FPT benefits from the continued robust growth in global IT spending and it is very strong in several specific niches such as developing software to manage utilities across the globe, developing the software embedded in smart televisions, and the company launched an automotive software business last year, with initial customers including Hyundai, Honda, and Volvo.
Securities companies’ earnings should accelerate from 14% growth in 2023 to 38% growth in 2024 because lower interest rates will facilitate more margin trading and because IB activities that were put on hold last year due to the slow economy are likely to resume this year.
Finally, in addition to the aforementioned sector preferences that guide the overall stock selection of VinaCapital’s portfolio managers, Vietnam’s stock market has hundreds of small- and mid-cap stocks, many of which are not closely followed or fully understood by domestic retail investors. This opportunity set is another source of potential market outperformance because it enables professional investors like VinaCapital to find hidden gems that can significantly outperform the market.
Furthermore, the performance of small and mid-cap stocks in Vietnam sometimes diverges considerably from that of the overall market; last year, small- and mid-cap stocks both surged by about 30% , far outpacing the market’s overall performance. This also enables nimble investors to outperform the overall market.
Conclusions
We expect Vietnam’s GDP growth to increase to 6-6.5% in 2024, driven by a rebound in the manufacturing sector and by improvements in consumer sentiment and spending. Manufacturing had already started rebounding in late-2023 because the demand for “Made in Vietnam” products – especially for consumer electronics products – from consumers in the US/EU started to recover last year.

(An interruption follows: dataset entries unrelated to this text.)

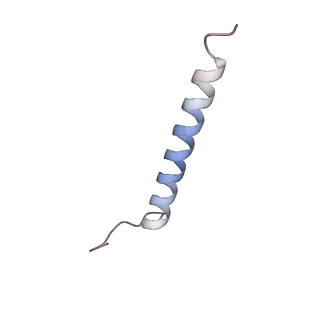 26955_8crq_B_v1-1
Local refinement of Band 3-I transmembrane domains, class 1 of erythrocyte ankyrin-1 complex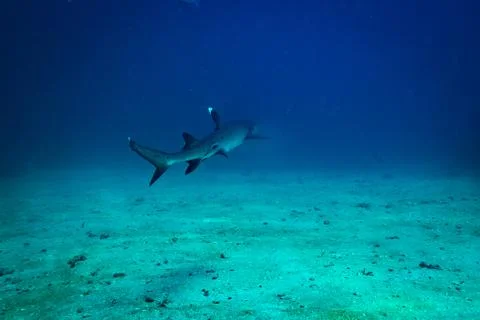 White tip shark Stock Photos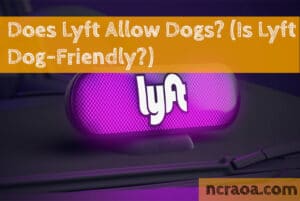 does lyft allow dogs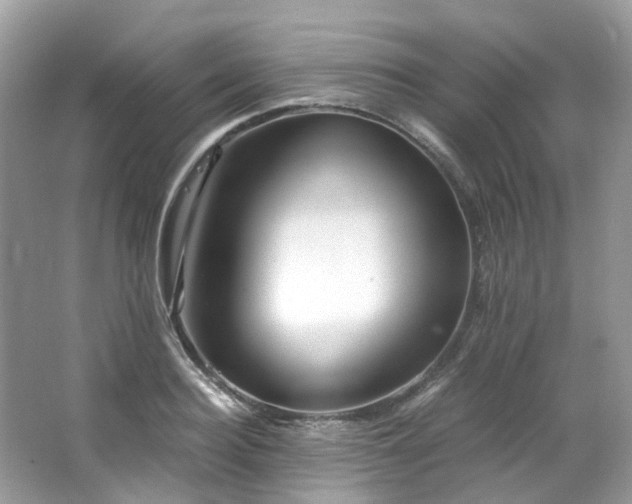 X0000063470940200601231441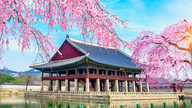 ¿Qué objetos tienen prohibido introducir los turistas al entrar en Corea del Sur?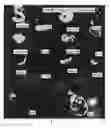 Fig. 01 - Method for evaluation of tissue preservation solution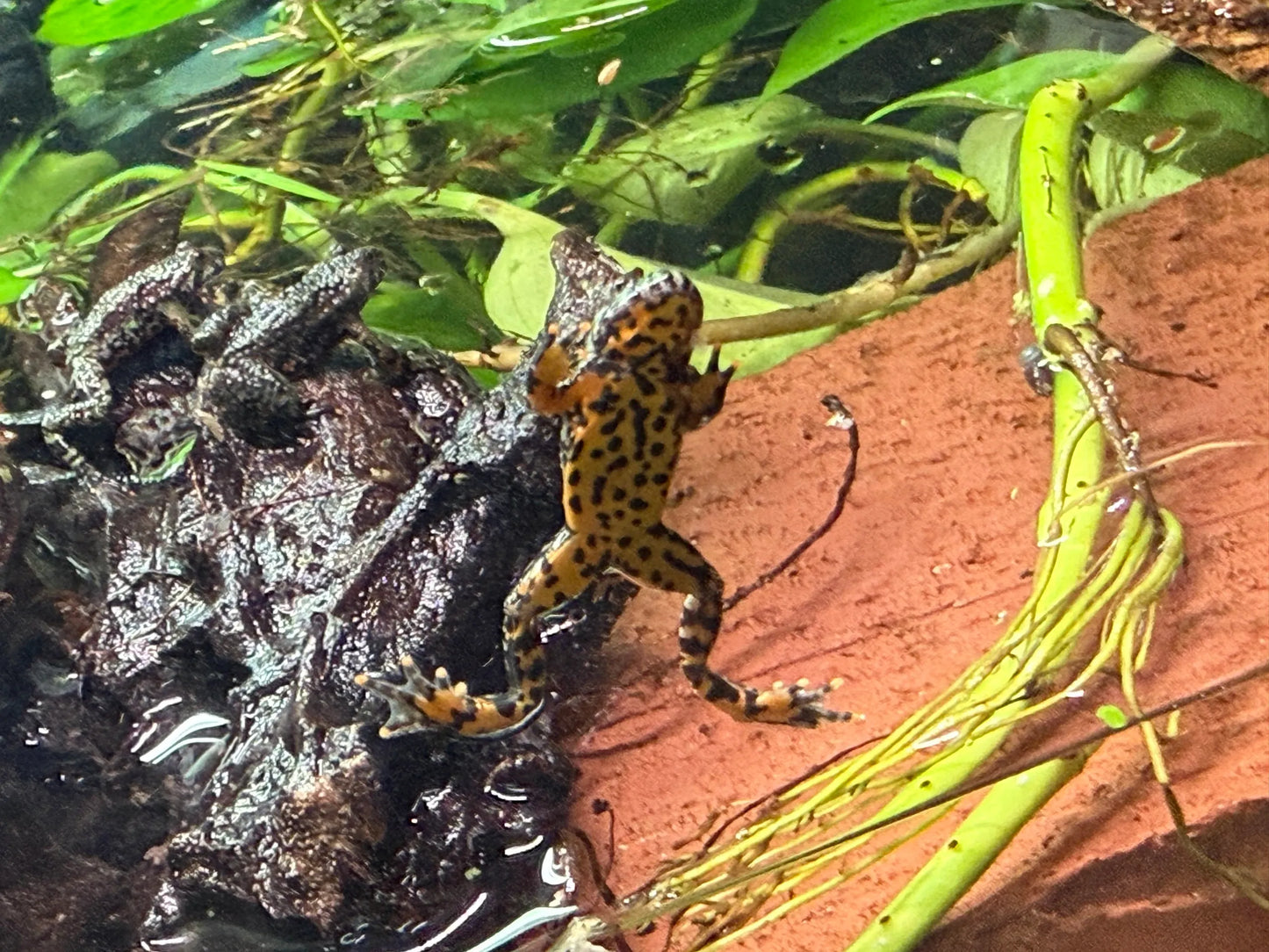 Fire-Bellied Toad Juvenile (Bombina orientalis)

Consumption by Vietnamese consumers (excluding tourists) also already started rebounding in late-2023 because of improvements in the labour market and because Vietnam’s “frozen” real estate market has started to thaw, thanks in part to last year’s big decline in interest rates. Lower interest rates also supported the stock market in 2023, but we expect rates to remain much more stable this year and for stock market investors to re-focus on fundamentals this year.
Consequently, a modest expected increase in earnings growth, coupled with the market’s cheap valuations, should help drive a modest increase in Vietnamese stock prices this year, especially given potential catalysts including the widely anticipated implementation of the stock market’s new KRX trading system, which would ultimately help pave the way for the market to be upgraded to an “Emerging Market”.
Finally, we expect a fairly wide dispersion in the performance of individual stocks and sectors in the stock market, which will once again enable active managers like VinaCapital to outperform the overall stock market. In short, the valuation of Vietnam’s stock market is attractive at 10x P/E versus 10-15% expected earnings growth, but the valuation of the stocks that VinaCapital’s flagship VVF fund hold is even more attractive at 8x P/E ratio, versus expected earnings growth of 25% this year.